1. Post the hash of a random number publicly. It is not important that your random number is random, only that it is secret.
2. Pick some block number when the lottery will end. Take the hash of that block and hash it with the random number picked earlier. This is the random data you will use for the draw.
3. Post your random number.

This is immune to manipulation by players. The owner has some ability to manipulate the result, but it's very difficult. You'd need to solve a block at that exact position with a difficulty much higher than normal. You can make owner manipulation even more difficult (almost impossible) by taking winning number 1 from <end block>, number 2 from <end block>+1, etc. This would be better randomness than the Canadian lottery, probably.

[bitlotto]

1. Post the hash of a random number publicly. It is not important that your random number is random, only that it is secret.
2. Pick some block number when the lottery will end. Take the hash of that block and hash it with the random number picked earlier. This is the random data you will use for the draw.
3. Post your random number.

The problem though is that system depends on me being honest. (I am) BUT, everyone else would have to take it on faith that I will keep it secret. I need something where I can't manipulate it. Right now, that's what depending on another lottery does. It's beyond my control what numbers come up. What would be the worst thing I could do IF I didn't keep the number secret?

[theymos]

It's not easy to influence, even if there is no random number. The attacker would have to have more than 50% of the Bitcoin network's CPU to have any reasonable chance of influencing the result.

[bitlotto]

How about something really simple.
how exploitable and random would:

-setting a time - say June 1 00:00 UTC
-taking the first digit (after the zeros) from the next 6 blocks hash value (I guess it could be more, if a number repeated 3 times the next occurrence would be skipped)
-could the network be flooded with bad/fake blocks or something?

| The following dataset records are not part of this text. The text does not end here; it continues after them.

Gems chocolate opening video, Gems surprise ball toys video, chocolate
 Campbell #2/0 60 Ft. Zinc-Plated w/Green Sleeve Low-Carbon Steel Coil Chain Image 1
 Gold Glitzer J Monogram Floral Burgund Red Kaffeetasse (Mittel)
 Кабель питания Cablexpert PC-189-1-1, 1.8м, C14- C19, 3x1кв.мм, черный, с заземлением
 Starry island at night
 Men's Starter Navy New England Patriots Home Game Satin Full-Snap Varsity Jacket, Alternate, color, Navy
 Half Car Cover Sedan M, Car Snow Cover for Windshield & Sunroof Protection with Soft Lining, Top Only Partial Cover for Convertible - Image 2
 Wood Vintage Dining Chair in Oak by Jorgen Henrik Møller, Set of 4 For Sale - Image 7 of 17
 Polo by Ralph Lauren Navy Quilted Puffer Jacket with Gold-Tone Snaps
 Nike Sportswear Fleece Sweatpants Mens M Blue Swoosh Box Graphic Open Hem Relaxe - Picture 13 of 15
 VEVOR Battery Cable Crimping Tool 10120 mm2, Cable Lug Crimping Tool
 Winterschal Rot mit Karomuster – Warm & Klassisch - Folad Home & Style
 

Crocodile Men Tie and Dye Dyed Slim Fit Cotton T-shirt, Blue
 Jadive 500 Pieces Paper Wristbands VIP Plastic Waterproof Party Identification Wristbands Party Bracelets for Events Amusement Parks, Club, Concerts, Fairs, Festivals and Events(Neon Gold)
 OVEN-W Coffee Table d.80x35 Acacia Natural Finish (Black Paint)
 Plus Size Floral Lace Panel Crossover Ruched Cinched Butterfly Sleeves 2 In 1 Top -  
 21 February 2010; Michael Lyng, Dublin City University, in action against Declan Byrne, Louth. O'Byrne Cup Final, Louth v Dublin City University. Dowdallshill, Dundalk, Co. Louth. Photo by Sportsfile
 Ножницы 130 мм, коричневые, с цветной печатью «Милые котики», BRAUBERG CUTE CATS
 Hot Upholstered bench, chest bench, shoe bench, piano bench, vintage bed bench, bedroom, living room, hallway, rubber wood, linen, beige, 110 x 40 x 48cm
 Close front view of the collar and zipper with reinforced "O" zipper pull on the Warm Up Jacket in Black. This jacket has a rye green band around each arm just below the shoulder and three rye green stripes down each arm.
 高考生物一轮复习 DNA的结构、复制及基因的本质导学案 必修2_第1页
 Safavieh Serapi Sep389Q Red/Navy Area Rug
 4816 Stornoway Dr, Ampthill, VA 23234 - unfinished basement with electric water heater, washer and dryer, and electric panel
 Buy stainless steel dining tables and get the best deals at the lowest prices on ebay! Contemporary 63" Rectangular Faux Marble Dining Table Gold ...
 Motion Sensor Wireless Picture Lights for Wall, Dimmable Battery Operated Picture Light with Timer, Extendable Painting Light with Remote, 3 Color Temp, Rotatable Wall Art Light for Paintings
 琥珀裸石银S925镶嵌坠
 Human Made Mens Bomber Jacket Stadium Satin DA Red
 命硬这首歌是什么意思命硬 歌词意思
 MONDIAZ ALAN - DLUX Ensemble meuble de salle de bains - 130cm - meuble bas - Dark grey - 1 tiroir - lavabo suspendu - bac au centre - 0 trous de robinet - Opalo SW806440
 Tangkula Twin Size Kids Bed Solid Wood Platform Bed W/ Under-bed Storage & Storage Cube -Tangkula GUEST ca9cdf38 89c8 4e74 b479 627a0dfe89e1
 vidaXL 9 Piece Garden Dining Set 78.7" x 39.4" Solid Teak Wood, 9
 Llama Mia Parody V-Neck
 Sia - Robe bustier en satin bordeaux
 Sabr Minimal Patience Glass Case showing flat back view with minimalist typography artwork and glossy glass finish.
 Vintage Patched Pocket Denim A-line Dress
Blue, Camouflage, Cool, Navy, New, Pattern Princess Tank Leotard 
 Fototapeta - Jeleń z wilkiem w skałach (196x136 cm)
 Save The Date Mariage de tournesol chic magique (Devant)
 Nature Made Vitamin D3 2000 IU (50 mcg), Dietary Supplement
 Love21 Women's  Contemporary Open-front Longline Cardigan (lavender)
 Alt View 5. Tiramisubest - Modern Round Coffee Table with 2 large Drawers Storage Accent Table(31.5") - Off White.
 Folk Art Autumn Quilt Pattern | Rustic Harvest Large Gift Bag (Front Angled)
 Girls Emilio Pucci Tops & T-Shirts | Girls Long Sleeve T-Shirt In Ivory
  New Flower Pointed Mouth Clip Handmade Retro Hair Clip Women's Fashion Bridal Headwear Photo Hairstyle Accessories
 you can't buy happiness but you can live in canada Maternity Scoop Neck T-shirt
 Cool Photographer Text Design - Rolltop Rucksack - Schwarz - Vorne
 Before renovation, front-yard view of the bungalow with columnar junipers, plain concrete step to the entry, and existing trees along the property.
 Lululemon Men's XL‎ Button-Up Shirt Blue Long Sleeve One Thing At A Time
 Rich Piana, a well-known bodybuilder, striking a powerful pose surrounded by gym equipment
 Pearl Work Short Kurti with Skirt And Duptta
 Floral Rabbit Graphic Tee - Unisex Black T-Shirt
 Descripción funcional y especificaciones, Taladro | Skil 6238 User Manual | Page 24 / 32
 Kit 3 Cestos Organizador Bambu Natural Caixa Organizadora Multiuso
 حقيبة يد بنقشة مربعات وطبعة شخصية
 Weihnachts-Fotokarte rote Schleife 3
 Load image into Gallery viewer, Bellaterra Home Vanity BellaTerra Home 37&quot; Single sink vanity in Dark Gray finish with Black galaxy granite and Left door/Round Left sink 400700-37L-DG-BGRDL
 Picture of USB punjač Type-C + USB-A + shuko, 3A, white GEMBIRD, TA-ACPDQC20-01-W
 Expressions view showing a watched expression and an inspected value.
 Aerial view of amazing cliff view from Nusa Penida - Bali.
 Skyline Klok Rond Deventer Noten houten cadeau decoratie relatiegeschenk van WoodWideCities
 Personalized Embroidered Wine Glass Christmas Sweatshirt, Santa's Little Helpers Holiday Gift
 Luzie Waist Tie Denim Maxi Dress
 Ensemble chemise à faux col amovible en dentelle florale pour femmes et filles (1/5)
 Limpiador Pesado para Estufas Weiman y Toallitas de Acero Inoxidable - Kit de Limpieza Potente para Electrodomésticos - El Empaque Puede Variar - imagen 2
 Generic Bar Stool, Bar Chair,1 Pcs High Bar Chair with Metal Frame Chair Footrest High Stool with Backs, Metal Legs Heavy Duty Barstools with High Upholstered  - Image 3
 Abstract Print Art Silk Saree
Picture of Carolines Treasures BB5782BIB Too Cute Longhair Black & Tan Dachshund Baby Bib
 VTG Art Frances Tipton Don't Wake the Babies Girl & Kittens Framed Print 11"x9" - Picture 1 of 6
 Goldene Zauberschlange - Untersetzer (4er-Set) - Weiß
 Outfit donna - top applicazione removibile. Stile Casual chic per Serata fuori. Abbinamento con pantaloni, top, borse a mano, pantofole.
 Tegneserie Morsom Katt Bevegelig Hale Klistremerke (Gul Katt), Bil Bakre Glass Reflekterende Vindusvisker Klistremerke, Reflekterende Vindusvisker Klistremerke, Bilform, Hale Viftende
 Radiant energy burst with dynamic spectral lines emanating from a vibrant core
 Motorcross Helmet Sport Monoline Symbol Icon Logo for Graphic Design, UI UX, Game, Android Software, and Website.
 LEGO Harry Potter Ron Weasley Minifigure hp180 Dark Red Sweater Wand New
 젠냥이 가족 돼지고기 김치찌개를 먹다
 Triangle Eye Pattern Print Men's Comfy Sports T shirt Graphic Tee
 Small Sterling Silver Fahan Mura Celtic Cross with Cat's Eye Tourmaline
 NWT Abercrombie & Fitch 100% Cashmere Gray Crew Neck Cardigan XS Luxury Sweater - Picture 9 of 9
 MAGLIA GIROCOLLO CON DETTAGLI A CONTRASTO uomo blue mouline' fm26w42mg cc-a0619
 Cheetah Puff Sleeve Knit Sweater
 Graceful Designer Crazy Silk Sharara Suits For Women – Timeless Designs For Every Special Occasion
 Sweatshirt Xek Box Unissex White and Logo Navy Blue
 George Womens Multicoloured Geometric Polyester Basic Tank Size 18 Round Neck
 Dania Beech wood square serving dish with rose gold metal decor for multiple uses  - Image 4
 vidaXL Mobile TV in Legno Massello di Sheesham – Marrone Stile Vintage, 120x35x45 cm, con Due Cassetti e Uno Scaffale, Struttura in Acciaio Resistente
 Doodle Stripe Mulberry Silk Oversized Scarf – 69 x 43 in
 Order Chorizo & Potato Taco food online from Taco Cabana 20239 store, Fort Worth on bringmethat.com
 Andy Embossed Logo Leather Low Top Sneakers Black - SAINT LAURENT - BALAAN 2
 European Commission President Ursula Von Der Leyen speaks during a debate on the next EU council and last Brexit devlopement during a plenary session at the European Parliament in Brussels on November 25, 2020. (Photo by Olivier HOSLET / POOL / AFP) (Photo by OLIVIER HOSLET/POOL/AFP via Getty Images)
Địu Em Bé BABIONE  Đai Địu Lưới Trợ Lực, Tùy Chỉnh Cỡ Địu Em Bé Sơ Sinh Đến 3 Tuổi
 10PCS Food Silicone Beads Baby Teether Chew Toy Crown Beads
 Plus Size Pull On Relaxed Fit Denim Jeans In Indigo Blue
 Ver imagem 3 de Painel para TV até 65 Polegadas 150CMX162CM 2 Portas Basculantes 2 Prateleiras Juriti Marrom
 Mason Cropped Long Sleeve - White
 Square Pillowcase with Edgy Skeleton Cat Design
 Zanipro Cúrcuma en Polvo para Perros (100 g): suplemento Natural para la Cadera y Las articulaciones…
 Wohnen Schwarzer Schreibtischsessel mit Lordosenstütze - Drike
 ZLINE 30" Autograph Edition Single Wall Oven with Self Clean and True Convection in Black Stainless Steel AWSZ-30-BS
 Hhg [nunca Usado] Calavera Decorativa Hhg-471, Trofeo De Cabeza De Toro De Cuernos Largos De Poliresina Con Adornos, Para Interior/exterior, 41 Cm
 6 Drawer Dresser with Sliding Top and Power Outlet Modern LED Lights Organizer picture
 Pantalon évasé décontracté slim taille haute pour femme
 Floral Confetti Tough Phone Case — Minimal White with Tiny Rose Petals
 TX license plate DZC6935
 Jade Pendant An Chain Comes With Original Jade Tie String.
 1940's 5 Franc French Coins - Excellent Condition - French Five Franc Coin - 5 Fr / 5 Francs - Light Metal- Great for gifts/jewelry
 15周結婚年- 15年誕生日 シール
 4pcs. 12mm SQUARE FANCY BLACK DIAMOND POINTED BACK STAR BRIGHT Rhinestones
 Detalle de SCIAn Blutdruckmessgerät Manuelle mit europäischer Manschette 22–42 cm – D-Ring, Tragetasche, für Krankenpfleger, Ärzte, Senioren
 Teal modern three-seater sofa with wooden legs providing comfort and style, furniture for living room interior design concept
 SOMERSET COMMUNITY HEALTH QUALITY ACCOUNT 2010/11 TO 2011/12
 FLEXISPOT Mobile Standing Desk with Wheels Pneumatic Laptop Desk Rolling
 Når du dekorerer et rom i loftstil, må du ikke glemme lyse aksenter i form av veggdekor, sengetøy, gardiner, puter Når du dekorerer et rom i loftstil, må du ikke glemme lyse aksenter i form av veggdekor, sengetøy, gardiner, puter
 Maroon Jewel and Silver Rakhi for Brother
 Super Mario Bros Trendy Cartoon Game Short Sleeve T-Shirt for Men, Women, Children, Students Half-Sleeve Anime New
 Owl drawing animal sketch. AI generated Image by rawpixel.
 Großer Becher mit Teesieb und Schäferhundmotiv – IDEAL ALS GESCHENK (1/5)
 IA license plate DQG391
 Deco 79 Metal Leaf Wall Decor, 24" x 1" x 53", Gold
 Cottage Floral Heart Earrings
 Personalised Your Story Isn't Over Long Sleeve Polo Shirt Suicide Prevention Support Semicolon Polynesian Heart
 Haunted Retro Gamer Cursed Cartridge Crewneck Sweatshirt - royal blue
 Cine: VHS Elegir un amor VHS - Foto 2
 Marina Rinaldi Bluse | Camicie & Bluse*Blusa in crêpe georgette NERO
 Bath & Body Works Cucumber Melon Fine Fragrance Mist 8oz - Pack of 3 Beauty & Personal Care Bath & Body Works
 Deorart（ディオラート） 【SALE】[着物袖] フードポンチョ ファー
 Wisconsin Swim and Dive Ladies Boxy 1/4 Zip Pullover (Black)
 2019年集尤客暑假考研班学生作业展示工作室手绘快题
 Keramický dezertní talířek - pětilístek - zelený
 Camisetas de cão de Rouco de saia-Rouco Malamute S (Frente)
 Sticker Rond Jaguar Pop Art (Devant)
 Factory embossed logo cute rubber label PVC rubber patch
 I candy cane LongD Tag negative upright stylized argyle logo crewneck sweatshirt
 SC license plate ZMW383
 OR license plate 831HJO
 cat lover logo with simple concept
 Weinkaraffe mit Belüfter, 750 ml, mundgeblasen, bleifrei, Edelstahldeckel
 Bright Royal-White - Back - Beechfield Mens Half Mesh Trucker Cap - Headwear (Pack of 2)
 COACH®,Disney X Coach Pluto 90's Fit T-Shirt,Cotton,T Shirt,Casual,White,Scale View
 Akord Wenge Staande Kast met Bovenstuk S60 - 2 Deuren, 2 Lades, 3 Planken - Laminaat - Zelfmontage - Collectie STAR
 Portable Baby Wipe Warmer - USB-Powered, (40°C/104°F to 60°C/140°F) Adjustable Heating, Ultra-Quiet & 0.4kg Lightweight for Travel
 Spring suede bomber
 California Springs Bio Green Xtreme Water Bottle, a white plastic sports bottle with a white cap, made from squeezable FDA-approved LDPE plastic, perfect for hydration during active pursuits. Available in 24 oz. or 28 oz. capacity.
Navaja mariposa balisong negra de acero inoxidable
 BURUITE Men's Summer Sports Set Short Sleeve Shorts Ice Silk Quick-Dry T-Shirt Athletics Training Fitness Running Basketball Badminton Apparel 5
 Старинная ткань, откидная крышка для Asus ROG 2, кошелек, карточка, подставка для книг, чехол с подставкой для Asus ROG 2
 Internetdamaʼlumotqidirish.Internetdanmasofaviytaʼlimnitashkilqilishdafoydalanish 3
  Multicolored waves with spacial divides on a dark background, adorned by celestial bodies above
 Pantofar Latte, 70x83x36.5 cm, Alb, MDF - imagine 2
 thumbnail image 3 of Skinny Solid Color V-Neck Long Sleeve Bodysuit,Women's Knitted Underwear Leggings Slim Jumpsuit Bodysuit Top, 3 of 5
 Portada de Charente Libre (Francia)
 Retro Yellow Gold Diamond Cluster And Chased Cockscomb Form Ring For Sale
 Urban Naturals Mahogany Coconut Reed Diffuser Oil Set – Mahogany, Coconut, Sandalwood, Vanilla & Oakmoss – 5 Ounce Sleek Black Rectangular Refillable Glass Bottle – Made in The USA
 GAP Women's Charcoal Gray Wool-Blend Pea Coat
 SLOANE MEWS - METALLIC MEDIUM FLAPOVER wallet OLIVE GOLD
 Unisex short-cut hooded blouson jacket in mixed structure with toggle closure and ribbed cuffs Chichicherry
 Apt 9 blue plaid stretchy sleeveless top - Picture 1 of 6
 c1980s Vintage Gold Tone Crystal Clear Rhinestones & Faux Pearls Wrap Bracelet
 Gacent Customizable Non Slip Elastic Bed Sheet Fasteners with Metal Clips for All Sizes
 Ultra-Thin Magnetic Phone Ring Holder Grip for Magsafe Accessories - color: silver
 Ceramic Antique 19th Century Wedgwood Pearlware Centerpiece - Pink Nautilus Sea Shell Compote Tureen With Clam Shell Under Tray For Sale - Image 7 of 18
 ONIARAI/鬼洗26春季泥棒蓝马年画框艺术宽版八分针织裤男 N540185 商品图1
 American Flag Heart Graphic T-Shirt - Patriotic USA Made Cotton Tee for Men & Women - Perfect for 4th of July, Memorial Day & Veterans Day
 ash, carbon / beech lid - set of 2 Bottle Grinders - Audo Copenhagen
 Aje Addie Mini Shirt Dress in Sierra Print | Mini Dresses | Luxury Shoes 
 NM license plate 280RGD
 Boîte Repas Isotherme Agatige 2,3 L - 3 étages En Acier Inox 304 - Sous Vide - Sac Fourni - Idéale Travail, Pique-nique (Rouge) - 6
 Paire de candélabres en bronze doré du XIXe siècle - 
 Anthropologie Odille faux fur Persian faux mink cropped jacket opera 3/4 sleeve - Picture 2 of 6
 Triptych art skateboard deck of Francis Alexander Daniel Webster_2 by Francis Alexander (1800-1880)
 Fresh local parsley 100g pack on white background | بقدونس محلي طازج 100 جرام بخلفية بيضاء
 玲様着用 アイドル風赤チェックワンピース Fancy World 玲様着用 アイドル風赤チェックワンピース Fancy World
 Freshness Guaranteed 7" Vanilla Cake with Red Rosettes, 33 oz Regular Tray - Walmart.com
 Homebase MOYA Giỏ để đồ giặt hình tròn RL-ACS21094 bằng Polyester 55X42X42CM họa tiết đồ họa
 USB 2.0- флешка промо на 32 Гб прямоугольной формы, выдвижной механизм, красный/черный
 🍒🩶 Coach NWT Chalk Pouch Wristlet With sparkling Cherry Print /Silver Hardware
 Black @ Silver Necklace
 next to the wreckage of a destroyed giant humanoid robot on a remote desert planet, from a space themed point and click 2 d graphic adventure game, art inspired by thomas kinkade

Thank you for your expertise!

[theymos]

That's similar. You'd want to take the digits from the end, though, since the first digits after the 0 are not completely random. Or hash the hash to get a random number again.

If someone gets lucky, they might be able to change one of these digits, but even two would be almost impossible.

[bitlotto]

That's similar. You'd want to take the digits from the end, though, since the first digits after the 0 are not completely random. Or hash the hash to get a random number again.

If someone gets lucky, they might be able to change one of these digits, but even two would be almost impossible.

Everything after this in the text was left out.